Crustal recycling through intraplate magmatism: Evidence from the Trans-North China Orogen

The North China Craton (NCC) preserves the history of crustal growth and craton formation during the early Precambrian followed by extensive lithospheric thinning and craton destruction in the Mesozoic. Here we present evidence for magma mixing and mingling associated with the Mesozoic tectonic processes from the Central NCC, along the Trans-North China Orogen, a paleo suture along which the Eastern and Western Blocks were amalgamated at end of Paleoproterozoic. Our investigations focus on two granitoids – the Chiwawu and the Mapeng plutons. Typical signatures for the interaction of mafic and felsic magmas are observed in these plutons such as: (1) the presence of diorite enclaves; (2) flow structures; (3) schlierens; (4) varying degrees of hybridization; and (5) macro-, and micro-textures. Porphyritic feldspar crystals show numerous mineral inclusions as well as rapakivi and anti-rapakivi textures.

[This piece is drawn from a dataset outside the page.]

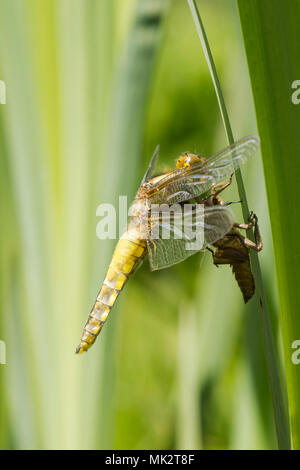 21 von 22. Nach Plattbauch Libelle aus Larven. vollständige Sequenz. exuvia, exoskelett, Libellula depressa, Mai, UK. Stockfoto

We present bulk chemistry, zircon U–Pb geochronology and REE data, and Lu–Hf isotopes on the granitoids, diorite enclaves, and surrounding basement rocks to constrain the timing of intraplate magmatism and processes of interaction between felsic and mafic magmas. Our LA-ICP-MS zircon U–Pb data show that the pophyritic granodiorite was emplaced at 129.7 ± 1.0 Ma. The diorite enclaves within this granodiorite show identical ages (128.2 ± 1.5 Ma). The basement TTG (tonalite–trondhjemite–granodiorite) gneisses formed at ca. 2.5 Ga coinciding with the major period of crustal accretion in the NCC. The 1.85 Ga age from zircons in the gabbro with positive Hf isotope signature may be related to mantle magmatism during post-collisional extension following the assembly of the Western and Eastern Blocks of the NCC along the Trans-North China Orogen. Our Hf isotope data indicate that the Neoarchean–Paleoproterozoic basement rocks were derived from complex sources of both juvenile magmas and reworked ancient crust, whereas the magma source for the Mesozoic units are dominantly reworked basement rocks. Our study provides a window to intraplate magmatism triggered by mantle upwelling beneath a paleosuture in the North China Craton.